In the listing below, find the line that contains "The Unicheck Plagiarism" and the line that contains "Then select the". Quote both and every line between them, exactly, and nothing more.

Dataset entries:
──────────────────────────────

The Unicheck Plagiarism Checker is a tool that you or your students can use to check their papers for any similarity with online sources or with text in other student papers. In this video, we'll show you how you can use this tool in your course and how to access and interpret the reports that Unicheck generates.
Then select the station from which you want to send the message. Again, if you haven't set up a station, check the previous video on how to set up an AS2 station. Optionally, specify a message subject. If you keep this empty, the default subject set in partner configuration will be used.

──────────────────────────────

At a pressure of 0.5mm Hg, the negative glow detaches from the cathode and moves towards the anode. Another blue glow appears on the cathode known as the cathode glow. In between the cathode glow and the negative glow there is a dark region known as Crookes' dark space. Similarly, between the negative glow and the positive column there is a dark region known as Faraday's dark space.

──────────────────────────────

Answer space:
The Unicheck Plagiarism Checker is a tool that you or your students can use to check their papers for any similarity with online sources or with text in other student papers. In this video, we'll show you how you can use this tool in your course and how to access and interpret the reports that Unicheck generates.
Then select the station from which you want to send the message. Again, if you haven't set up a station, check the previous video on how to set up an AS2 station. Optionally, specify a message subject. If you keep this empty, the default subject set in partner configuration will be used.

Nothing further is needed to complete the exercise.